Start of Block
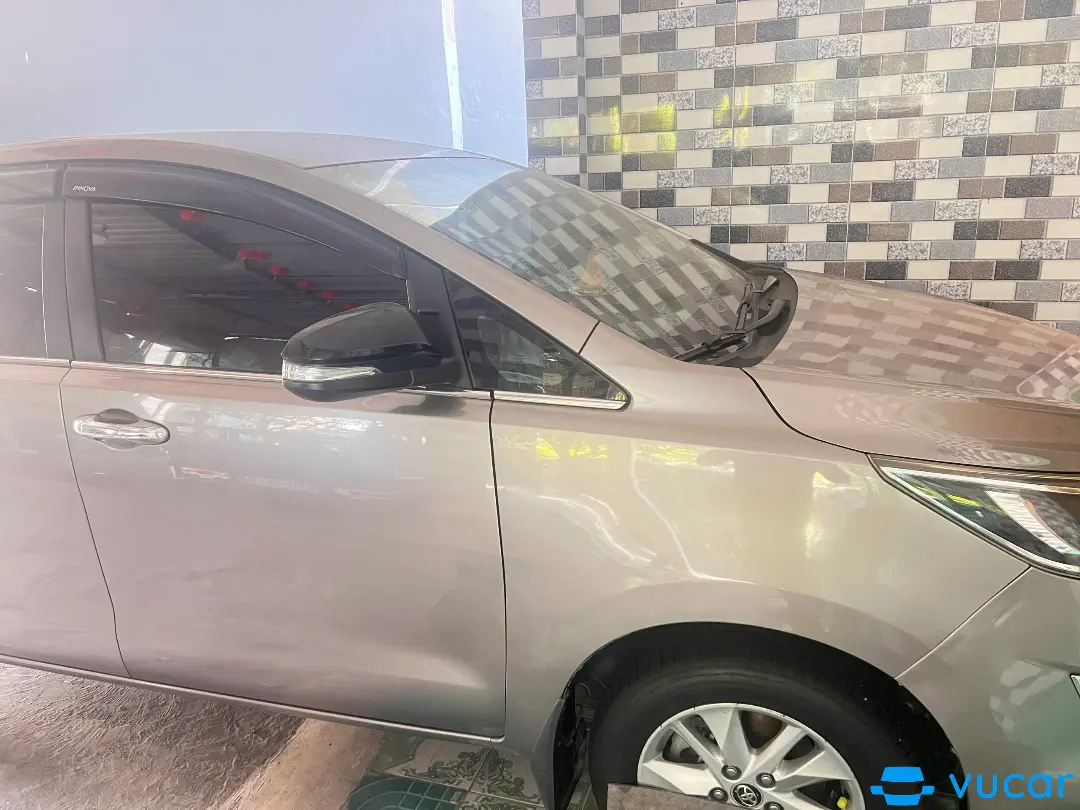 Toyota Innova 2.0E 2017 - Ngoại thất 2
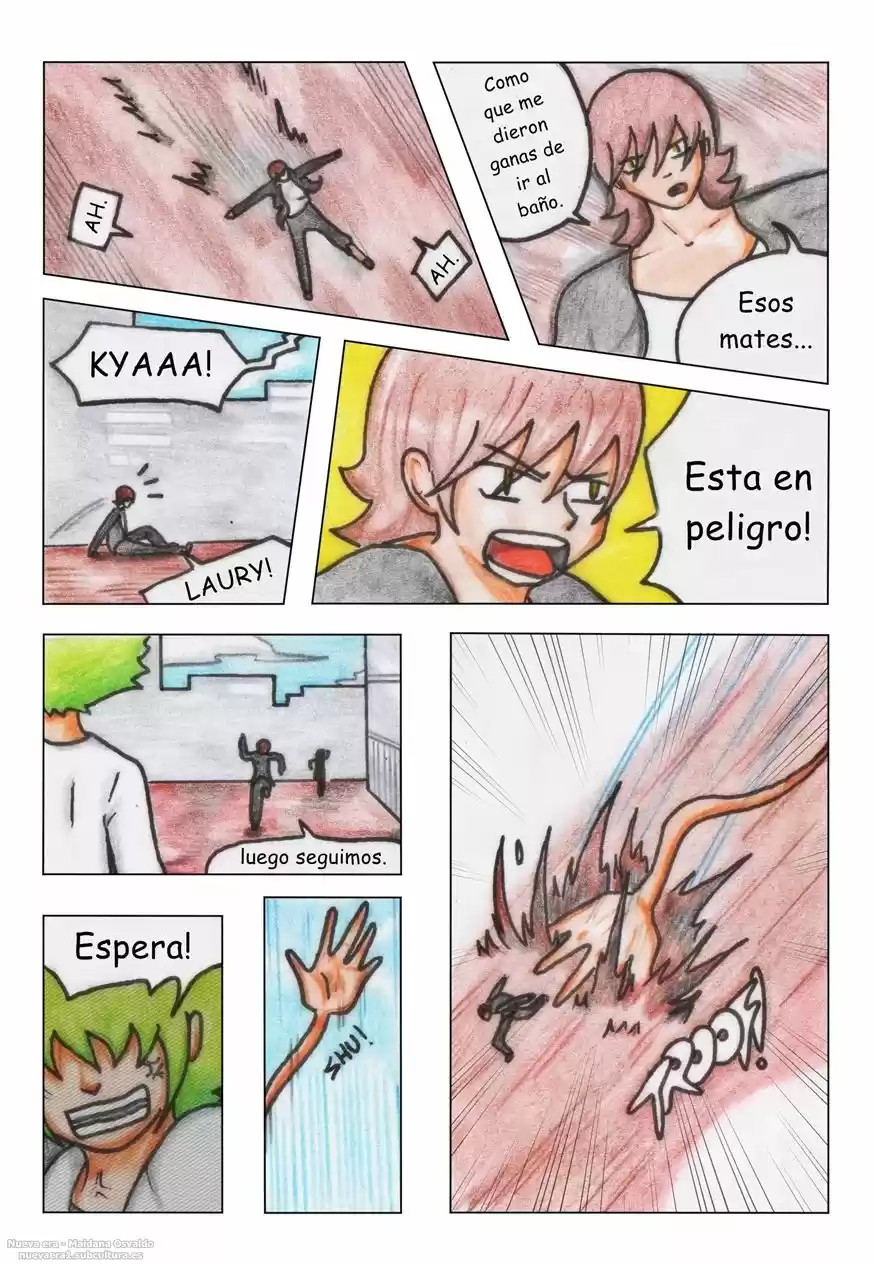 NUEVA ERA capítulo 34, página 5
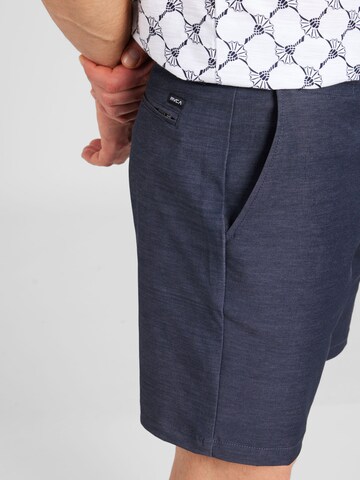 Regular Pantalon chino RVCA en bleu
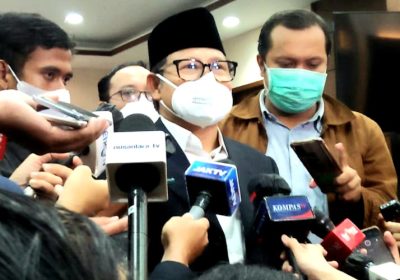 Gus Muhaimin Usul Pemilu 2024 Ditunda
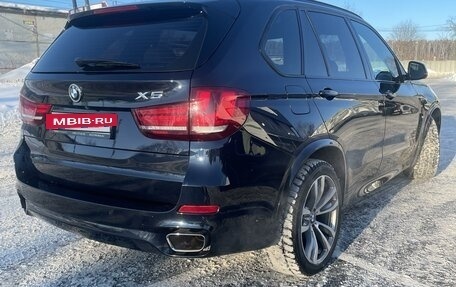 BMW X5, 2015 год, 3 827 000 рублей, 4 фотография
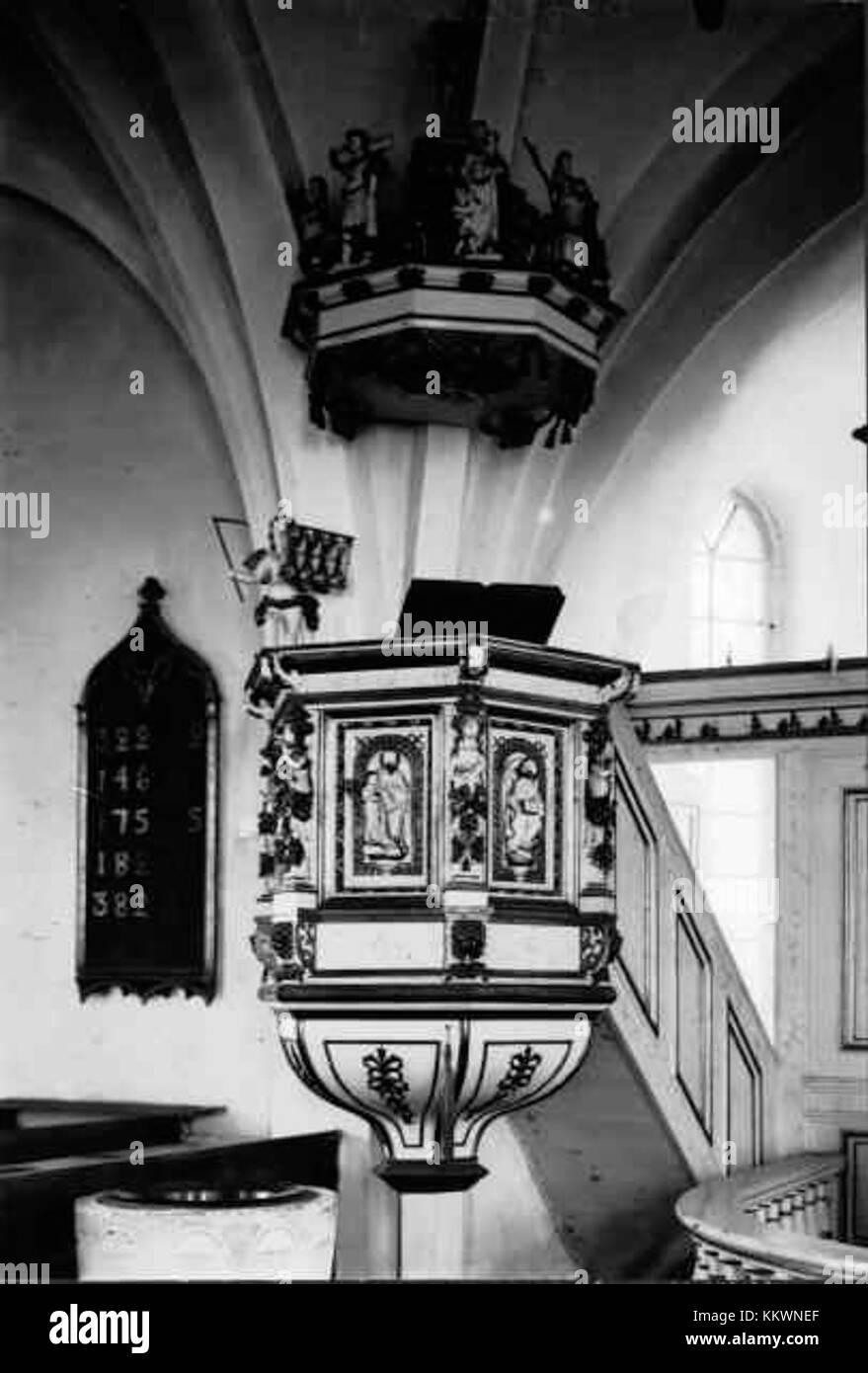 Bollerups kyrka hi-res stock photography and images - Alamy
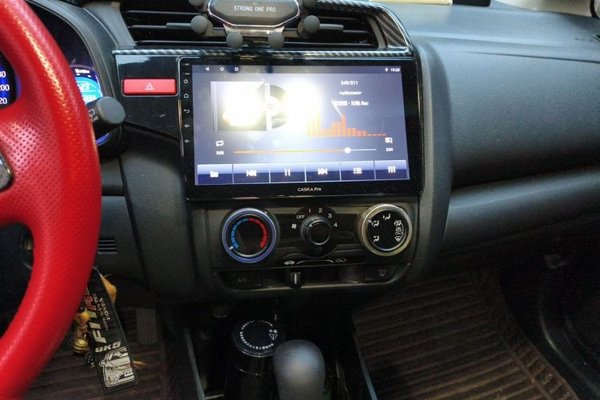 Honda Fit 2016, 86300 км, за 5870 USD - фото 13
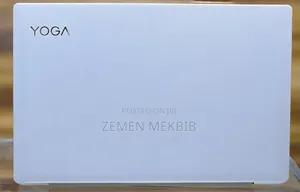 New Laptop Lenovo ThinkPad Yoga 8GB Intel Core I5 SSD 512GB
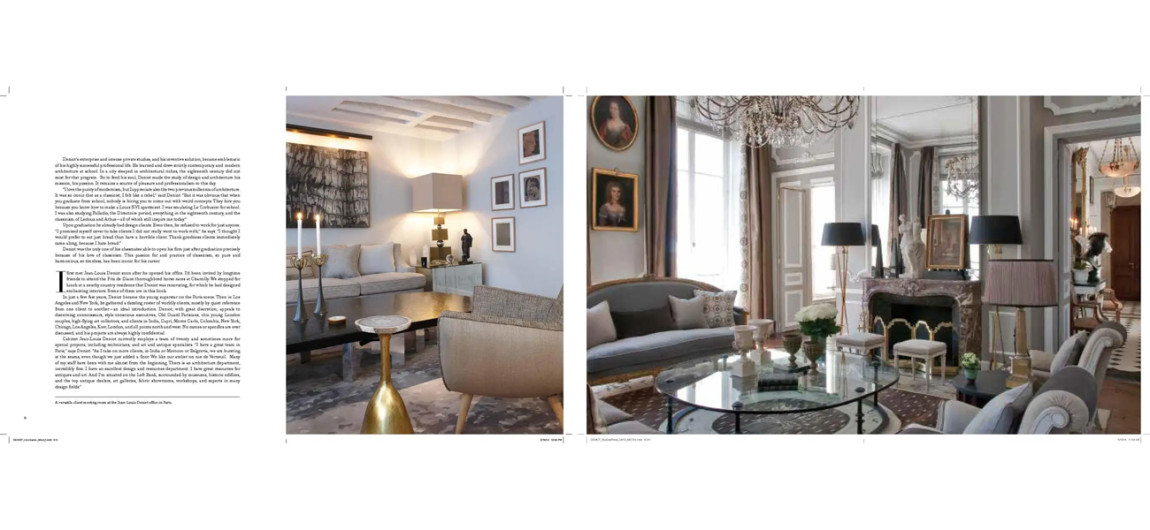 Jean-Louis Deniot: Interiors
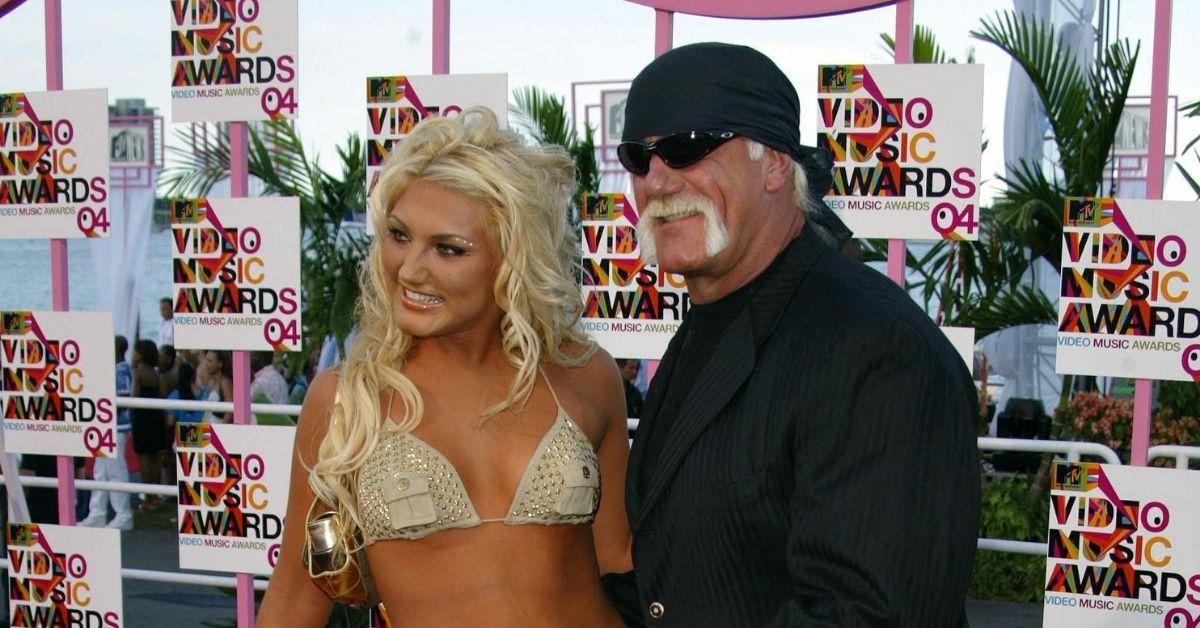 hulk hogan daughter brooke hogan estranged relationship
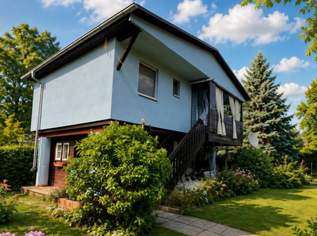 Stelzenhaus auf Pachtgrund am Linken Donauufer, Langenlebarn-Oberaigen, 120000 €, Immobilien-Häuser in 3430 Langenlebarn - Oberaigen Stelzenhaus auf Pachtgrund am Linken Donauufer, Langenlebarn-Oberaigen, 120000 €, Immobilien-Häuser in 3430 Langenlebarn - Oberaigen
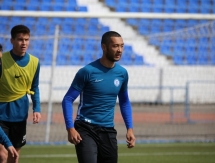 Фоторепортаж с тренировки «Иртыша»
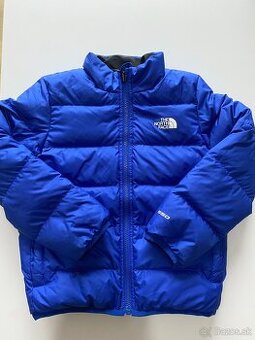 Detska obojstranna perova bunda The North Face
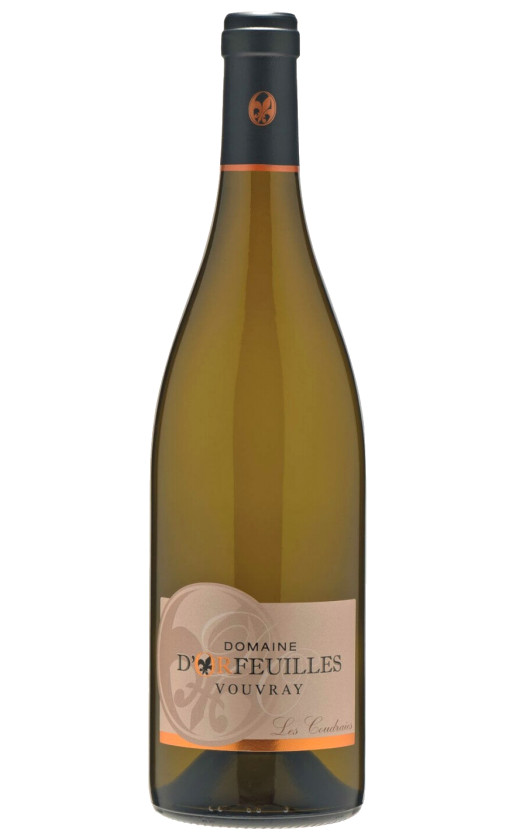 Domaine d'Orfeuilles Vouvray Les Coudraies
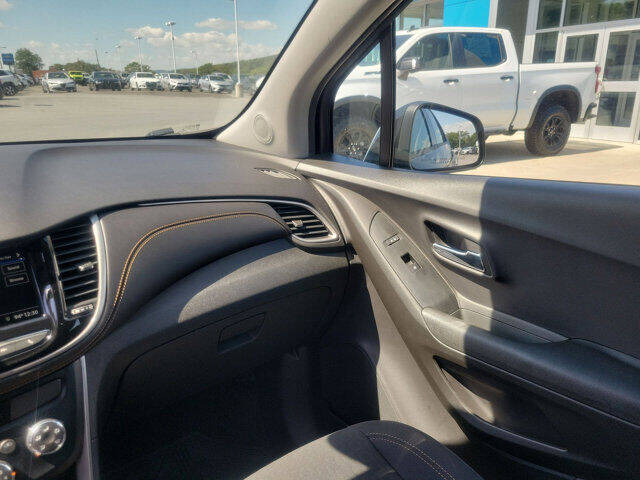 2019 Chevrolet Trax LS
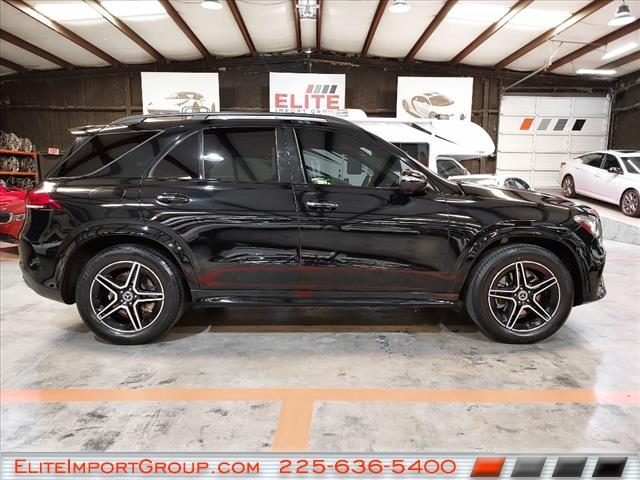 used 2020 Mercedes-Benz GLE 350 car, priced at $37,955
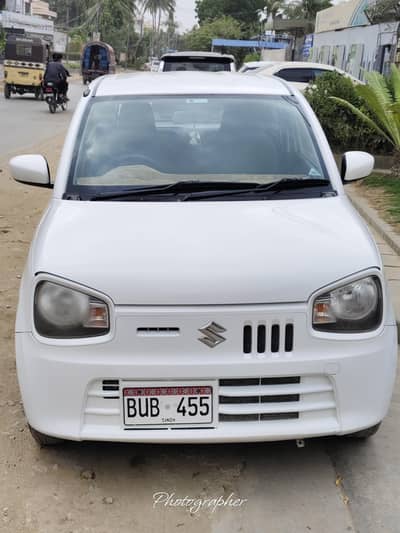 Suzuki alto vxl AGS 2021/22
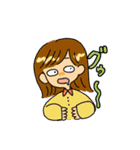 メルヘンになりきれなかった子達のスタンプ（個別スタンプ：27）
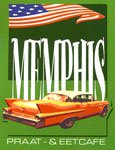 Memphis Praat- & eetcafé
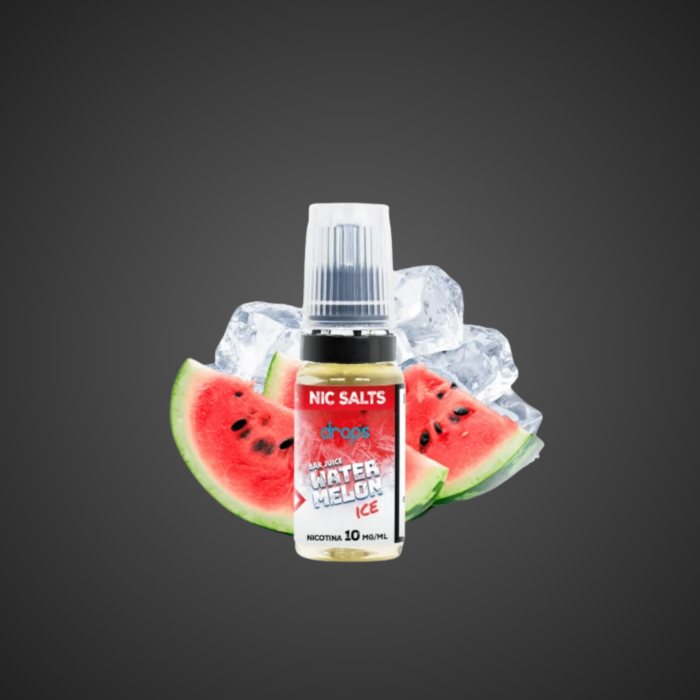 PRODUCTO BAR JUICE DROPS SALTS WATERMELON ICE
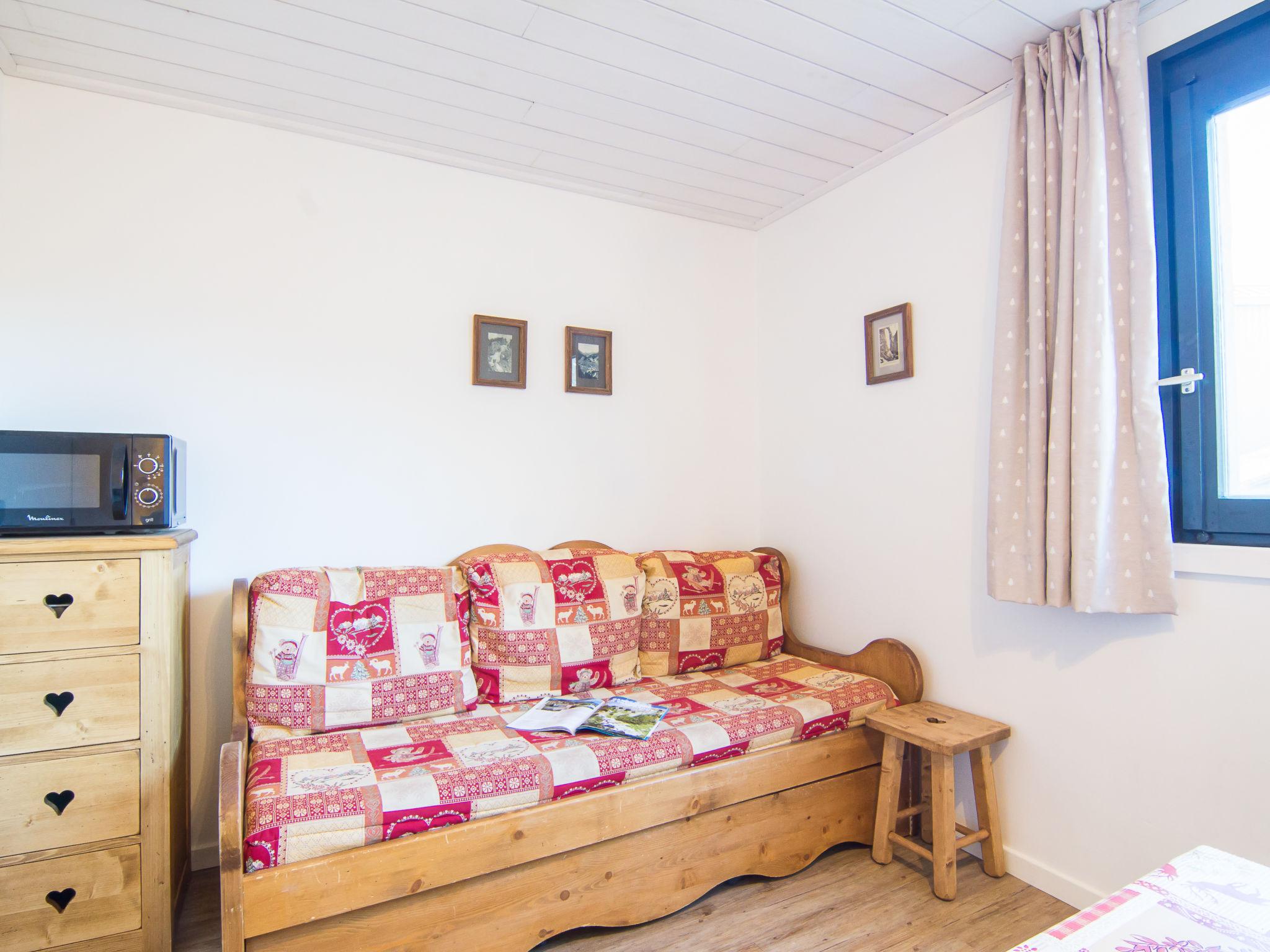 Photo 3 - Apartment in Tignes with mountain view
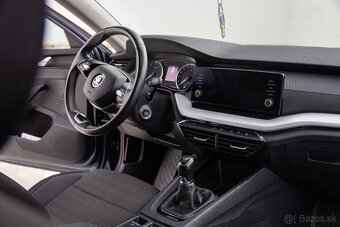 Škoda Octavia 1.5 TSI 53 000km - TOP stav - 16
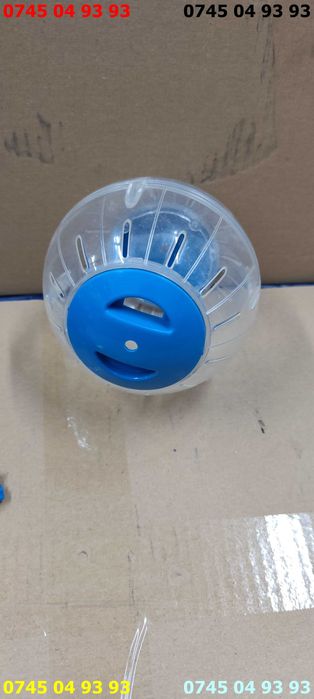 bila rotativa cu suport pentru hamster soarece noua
End of Block
» Task description
Starting at the line containing "Memphis Praat- & eetcafé", output every remaining line of the records above exactly, the last one included. Nothing else belongs in the output, and no pictures either.

» Solution
 Memphis Praat- & eetcafé
 PRODUCTO BAR JUICE DROPS SALTS WATERMELON ICE
 Photo 3 - Apartment in Tignes with mountain view
 Škoda Octavia 1.5 TSI 53 000km - TOP stav - 16
 bila rotativa cu suport pentru hamster soarece noua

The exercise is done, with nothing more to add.